» THE PROBLEM
Would you return the data exactly as given, except for its pictures?

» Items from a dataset
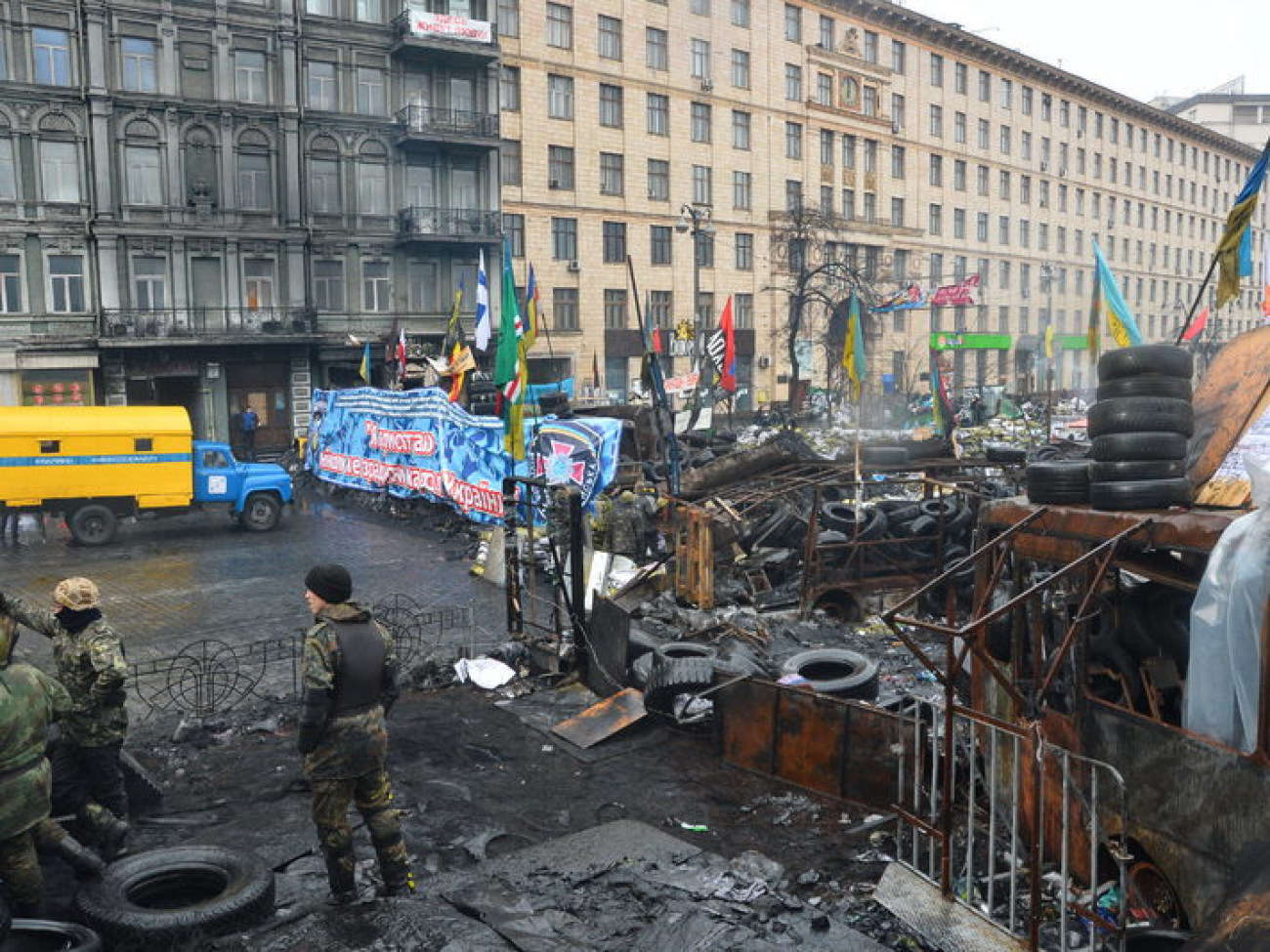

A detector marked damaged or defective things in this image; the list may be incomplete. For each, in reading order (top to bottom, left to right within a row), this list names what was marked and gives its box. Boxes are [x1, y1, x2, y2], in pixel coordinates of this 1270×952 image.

burnt tire [1097, 348, 1194, 383]
burnt tire [1097, 375, 1194, 400]
burnt tire [1086, 395, 1194, 438]
burnt tire [1092, 431, 1188, 462]
burnt tire [1086, 459, 1183, 484]
burnt tire [1086, 476, 1183, 515]
burnt tire [645, 660, 716, 721]
burnt tire [777, 649, 878, 700]
burnt tire [73, 848, 275, 949]
burnt tire [6, 919, 100, 949]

» PROBLEM SOLUTION
A detector marked damaged or defective things in this image; the list may be incomplete. For each, in reading order (top to bottom, left to right within a row), this list names what was marked and gives its box. Boxes are [x1, y1, x2, y2], in pixel coordinates of this 1270×952 image.

burnt tire [1097, 348, 1194, 383]
burnt tire [1097, 375, 1194, 400]
burnt tire [1086, 395, 1194, 438]
burnt tire [1092, 431, 1188, 462]
burnt tire [1086, 459, 1183, 484]
burnt tire [1086, 476, 1183, 515]
burnt tire [645, 660, 716, 721]
burnt tire [777, 649, 878, 700]
burnt tire [73, 848, 275, 949]
burnt tire [6, 919, 100, 949]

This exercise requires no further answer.